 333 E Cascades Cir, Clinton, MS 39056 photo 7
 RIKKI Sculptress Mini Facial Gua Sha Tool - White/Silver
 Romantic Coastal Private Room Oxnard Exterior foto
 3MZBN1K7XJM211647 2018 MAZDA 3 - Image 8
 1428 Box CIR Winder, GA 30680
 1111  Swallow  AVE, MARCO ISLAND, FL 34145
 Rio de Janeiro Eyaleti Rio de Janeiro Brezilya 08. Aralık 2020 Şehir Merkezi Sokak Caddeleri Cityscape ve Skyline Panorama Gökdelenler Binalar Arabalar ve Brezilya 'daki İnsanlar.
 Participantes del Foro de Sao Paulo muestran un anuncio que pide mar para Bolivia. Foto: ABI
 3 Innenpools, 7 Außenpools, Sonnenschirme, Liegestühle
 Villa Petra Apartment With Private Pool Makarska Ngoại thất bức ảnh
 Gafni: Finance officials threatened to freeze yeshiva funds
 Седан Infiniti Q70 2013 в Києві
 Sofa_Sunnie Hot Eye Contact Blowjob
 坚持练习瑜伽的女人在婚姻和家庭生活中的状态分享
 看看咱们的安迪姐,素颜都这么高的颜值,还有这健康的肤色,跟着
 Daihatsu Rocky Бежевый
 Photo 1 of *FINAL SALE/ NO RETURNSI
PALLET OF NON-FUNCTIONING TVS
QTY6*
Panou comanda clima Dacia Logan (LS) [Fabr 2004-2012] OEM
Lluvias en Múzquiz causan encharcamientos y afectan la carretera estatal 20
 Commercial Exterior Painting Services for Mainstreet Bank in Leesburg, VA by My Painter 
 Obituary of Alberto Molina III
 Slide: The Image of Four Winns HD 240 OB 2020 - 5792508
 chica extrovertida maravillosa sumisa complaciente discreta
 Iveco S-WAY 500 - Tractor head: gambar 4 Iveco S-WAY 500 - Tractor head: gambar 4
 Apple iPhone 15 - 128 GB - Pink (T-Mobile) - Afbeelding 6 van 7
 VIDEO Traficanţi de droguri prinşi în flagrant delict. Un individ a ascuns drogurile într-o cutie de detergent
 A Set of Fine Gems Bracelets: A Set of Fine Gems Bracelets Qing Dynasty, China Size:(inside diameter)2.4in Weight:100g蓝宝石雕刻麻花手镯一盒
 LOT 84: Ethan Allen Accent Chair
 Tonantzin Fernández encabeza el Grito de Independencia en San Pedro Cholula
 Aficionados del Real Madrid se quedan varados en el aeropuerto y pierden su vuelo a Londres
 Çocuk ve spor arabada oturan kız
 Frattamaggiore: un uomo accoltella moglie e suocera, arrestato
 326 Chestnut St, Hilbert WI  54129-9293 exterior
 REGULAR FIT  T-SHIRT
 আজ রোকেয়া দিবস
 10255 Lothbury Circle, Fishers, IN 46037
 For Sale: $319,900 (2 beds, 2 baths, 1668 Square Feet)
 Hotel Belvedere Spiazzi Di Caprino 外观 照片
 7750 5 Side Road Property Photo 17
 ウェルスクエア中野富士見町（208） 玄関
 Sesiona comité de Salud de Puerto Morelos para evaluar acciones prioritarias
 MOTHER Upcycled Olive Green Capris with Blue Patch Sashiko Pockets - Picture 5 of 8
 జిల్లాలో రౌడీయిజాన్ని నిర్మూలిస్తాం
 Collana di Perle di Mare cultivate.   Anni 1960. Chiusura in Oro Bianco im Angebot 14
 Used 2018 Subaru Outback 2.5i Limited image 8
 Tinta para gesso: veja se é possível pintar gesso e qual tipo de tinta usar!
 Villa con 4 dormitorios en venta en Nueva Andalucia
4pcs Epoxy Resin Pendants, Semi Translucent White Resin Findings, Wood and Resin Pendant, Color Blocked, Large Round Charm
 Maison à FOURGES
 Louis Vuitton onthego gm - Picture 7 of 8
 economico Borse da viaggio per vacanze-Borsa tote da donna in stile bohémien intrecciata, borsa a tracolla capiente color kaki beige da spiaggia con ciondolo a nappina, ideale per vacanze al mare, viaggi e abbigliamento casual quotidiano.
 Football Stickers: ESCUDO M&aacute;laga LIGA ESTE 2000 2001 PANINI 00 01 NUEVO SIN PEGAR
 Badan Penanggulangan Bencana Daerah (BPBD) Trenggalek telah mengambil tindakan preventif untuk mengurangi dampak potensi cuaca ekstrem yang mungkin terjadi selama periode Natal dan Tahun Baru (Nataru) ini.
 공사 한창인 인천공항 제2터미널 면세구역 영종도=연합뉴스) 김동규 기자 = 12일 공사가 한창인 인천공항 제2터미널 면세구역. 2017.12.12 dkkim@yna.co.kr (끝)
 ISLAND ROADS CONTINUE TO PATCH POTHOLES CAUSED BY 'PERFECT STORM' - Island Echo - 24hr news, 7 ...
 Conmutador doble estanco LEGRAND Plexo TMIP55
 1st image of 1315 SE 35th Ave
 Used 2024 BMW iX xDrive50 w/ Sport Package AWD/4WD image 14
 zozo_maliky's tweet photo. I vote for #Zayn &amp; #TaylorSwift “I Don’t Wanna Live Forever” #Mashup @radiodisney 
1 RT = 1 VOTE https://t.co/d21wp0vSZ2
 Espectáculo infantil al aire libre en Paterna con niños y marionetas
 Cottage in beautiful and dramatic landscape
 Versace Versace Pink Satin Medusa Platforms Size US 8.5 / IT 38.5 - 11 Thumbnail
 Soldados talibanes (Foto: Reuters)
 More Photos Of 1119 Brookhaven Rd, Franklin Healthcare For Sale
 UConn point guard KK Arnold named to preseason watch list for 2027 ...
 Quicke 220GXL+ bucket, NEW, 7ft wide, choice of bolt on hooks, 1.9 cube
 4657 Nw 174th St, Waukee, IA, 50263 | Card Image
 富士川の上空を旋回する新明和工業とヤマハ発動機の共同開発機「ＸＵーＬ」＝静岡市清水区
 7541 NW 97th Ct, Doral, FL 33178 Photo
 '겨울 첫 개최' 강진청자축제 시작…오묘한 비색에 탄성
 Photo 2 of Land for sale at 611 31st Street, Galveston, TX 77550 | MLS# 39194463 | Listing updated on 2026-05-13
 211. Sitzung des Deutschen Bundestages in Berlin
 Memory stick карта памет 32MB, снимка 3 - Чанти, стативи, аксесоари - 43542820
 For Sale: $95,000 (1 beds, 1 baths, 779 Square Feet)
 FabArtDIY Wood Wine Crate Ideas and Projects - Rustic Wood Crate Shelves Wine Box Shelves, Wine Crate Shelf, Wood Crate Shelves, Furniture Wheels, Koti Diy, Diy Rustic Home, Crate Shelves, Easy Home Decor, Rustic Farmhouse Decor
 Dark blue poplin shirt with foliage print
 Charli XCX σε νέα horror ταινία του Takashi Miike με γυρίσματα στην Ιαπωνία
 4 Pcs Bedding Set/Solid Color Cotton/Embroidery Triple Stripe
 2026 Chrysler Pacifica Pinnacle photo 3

◆ **Exercise prompt**: The answer must be the full listing, repeated word for word.

◆ **Answer to the problem**:
 333 E Cascades Cir, Clinton, MS 39056 photo 7
 RIKKI Sculptress Mini Facial Gua Sha Tool - White/Silver
 Romantic Coastal Private Room Oxnard Exterior foto
 3MZBN1K7XJM211647 2018 MAZDA 3 - Image 8
 1428 Box CIR Winder, GA 30680
 1111  Swallow  AVE, MARCO ISLAND, FL 34145
 Rio de Janeiro Eyaleti Rio de Janeiro Brezilya 08. Aralık 2020 Şehir Merkezi Sokak Caddeleri Cityscape ve Skyline Panorama Gökdelenler Binalar Arabalar ve Brezilya 'daki İnsanlar.
 Participantes del Foro de Sao Paulo muestran un anuncio que pide mar para Bolivia. Foto: ABI
 3 Innenpools, 7 Außenpools, Sonnenschirme, Liegestühle
 Villa Petra Apartment With Private Pool Makarska Ngoại thất bức ảnh
 Gafni: Finance officials threatened to freeze yeshiva funds
 Седан Infiniti Q70 2013 в Києві
 Sofa_Sunnie Hot Eye Contact Blowjob
 坚持练习瑜伽的女人在婚姻和家庭生活中的状态分享
 看看咱们的安迪姐,素颜都这么高的颜值,还有这健康的肤色,跟着
 Daihatsu Rocky Бежевый
 Photo 1 of *FINAL SALE/ NO RETURNSI
PALLET OF NON-FUNCTIONING TVS
QTY6*
Panou comanda clima Dacia Logan (LS) [Fabr 2004-2012] OEM
Lluvias en Múzquiz causan encharcamientos y afectan la carretera estatal 20
 Commercial Exterior Painting Services for Mainstreet Bank in Leesburg, VA by My Painter 
 Obituary of Alberto Molina III
 Slide: The Image of Four Winns HD 240 OB 2020 - 5792508
 chica extrovertida maravillosa sumisa complaciente discreta
 Iveco S-WAY 500 - Tractor head: gambar 4 Iveco S-WAY 500 - Tractor head: gambar 4
 Apple iPhone 15 - 128 GB - Pink (T-Mobile) - Afbeelding 6 van 7
 VIDEO Traficanţi de droguri prinşi în flagrant delict. Un individ a ascuns drogurile într-o cutie de detergent
 A Set of Fine Gems Bracelets: A Set of Fine Gems Bracelets Qing Dynasty, China Size:(inside diameter)2.4in Weight:100g蓝宝石雕刻麻花手镯一盒
 LOT 84: Ethan Allen Accent Chair
 Tonantzin Fernández encabeza el Grito de Independencia en San Pedro Cholula
 Aficionados del Real Madrid se quedan varados en el aeropuerto y pierden su vuelo a Londres
 Çocuk ve spor arabada oturan kız
 Frattamaggiore: un uomo accoltella moglie e suocera, arrestato
 326 Chestnut St, Hilbert WI  54129-9293 exterior
 REGULAR FIT  T-SHIRT
 আজ রোকেয়া দিবস
 10255 Lothbury Circle, Fishers, IN 46037
 For Sale: $319,900 (2 beds, 2 baths, 1668 Square Feet)
 Hotel Belvedere Spiazzi Di Caprino 外观 照片
 7750 5 Side Road Property Photo 17
 ウェルスクエア中野富士見町（208） 玄関
 Sesiona comité de Salud de Puerto Morelos para evaluar acciones prioritarias
 MOTHER Upcycled Olive Green Capris with Blue Patch Sashiko Pockets - Picture 5 of 8
 జిల్లాలో రౌడీయిజాన్ని నిర్మూలిస్తాం
 Collana di Perle di Mare cultivate.   Anni 1960. Chiusura in Oro Bianco im Angebot 14
 Used 2018 Subaru Outback 2.5i Limited image 8
 Tinta para gesso: veja se é possível pintar gesso e qual tipo de tinta usar!
 Villa con 4 dormitorios en venta en Nueva Andalucia
4pcs Epoxy Resin Pendants, Semi Translucent White Resin Findings, Wood and Resin Pendant, Color Blocked, Large Round Charm
 Maison à FOURGES
 Louis Vuitton onthego gm - Picture 7 of 8
 economico Borse da viaggio per vacanze-Borsa tote da donna in stile bohémien intrecciata, borsa a tracolla capiente color kaki beige da spiaggia con ciondolo a nappina, ideale per vacanze al mare, viaggi e abbigliamento casual quotidiano.
 Football Stickers: ESCUDO M&aacute;laga LIGA ESTE 2000 2001 PANINI 00 01 NUEVO SIN PEGAR
 Badan Penanggulangan Bencana Daerah (BPBD) Trenggalek telah mengambil tindakan preventif untuk mengurangi dampak potensi cuaca ekstrem yang mungkin terjadi selama periode Natal dan Tahun Baru (Nataru) ini.
 공사 한창인 인천공항 제2터미널 면세구역 영종도=연합뉴스) 김동규 기자 = 12일 공사가 한창인 인천공항 제2터미널 면세구역. 2017.12.12 dkkim@yna.co.kr (끝)
 ISLAND ROADS CONTINUE TO PATCH POTHOLES CAUSED BY 'PERFECT STORM' - Island Echo - 24hr news, 7 ...
 Conmutador doble estanco LEGRAND Plexo TMIP55
 1st image of 1315 SE 35th Ave
 Used 2024 BMW iX xDrive50 w/ Sport Package AWD/4WD image 14
 zozo_maliky's tweet photo. I vote for #Zayn &amp; #TaylorSwift “I Don’t Wanna Live Forever” #Mashup @radiodisney 
1 RT = 1 VOTE https://t.co/d21wp0vSZ2
 Espectáculo infantil al aire libre en Paterna con niños y marionetas
 Cottage in beautiful and dramatic landscape
 Versace Versace Pink Satin Medusa Platforms Size US 8.5 / IT 38.5 - 11 Thumbnail
 Soldados talibanes (Foto: Reuters)
 More Photos Of 1119 Brookhaven Rd, Franklin Healthcare For Sale
 UConn point guard KK Arnold named to preseason watch list for 2027 ...
 Quicke 220GXL+ bucket, NEW, 7ft wide, choice of bolt on hooks, 1.9 cube
 4657 Nw 174th St, Waukee, IA, 50263 | Card Image
 富士川の上空を旋回する新明和工業とヤマハ発動機の共同開発機「ＸＵーＬ」＝静岡市清水区
 7541 NW 97th Ct, Doral, FL 33178 Photo
 '겨울 첫 개최' 강진청자축제 시작…오묘한 비색에 탄성
 Photo 2 of Land for sale at 611 31st Street, Galveston, TX 77550 | MLS# 39194463 | Listing updated on 2026-05-13
 211. Sitzung des Deutschen Bundestages in Berlin
 Memory stick карта памет 32MB, снимка 3 - Чанти, стативи, аксесоари - 43542820
 For Sale: $95,000 (1 beds, 1 baths, 779 Square Feet)
 FabArtDIY Wood Wine Crate Ideas and Projects - Rustic Wood Crate Shelves Wine Box Shelves, Wine Crate Shelf, Wood Crate Shelves, Furniture Wheels, Koti Diy, Diy Rustic Home, Crate Shelves, Easy Home Decor, Rustic Farmhouse Decor
 Dark blue poplin shirt with foliage print
 Charli XCX σε νέα horror ταινία του Takashi Miike με γυρίσματα στην Ιαπωνία
 4 Pcs Bedding Set/Solid Color Cotton/Embroidery Triple Stripe
 2026 Chrysler Pacifica Pinnacle photo 3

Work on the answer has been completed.